> _What the task requires_:
In the data below, find the line that contains "Crystal Lake killer sumi e" and the line that contains "Jennifer Mistry Bansiwal: 2003". Copy both, plus every line between them, exactly.

> _Records to use_:
———
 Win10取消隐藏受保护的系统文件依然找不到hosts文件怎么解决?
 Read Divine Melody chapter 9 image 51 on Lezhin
———
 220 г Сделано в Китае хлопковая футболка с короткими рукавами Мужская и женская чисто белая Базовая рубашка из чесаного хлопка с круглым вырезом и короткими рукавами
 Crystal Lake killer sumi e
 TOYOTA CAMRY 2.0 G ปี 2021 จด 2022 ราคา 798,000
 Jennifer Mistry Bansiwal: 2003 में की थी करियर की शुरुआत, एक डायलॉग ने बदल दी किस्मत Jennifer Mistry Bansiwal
———
> _Finished task_:
 Crystal Lake killer sumi e
 TOYOTA CAMRY 2.0 G ปี 2021 จด 2022 ราคา 798,000
 Jennifer Mistry Bansiwal: 2003 में की थी करियर की शुरुआत, एक डायलॉग ने बदल दी किस्मत Jennifer Mistry Bansiwal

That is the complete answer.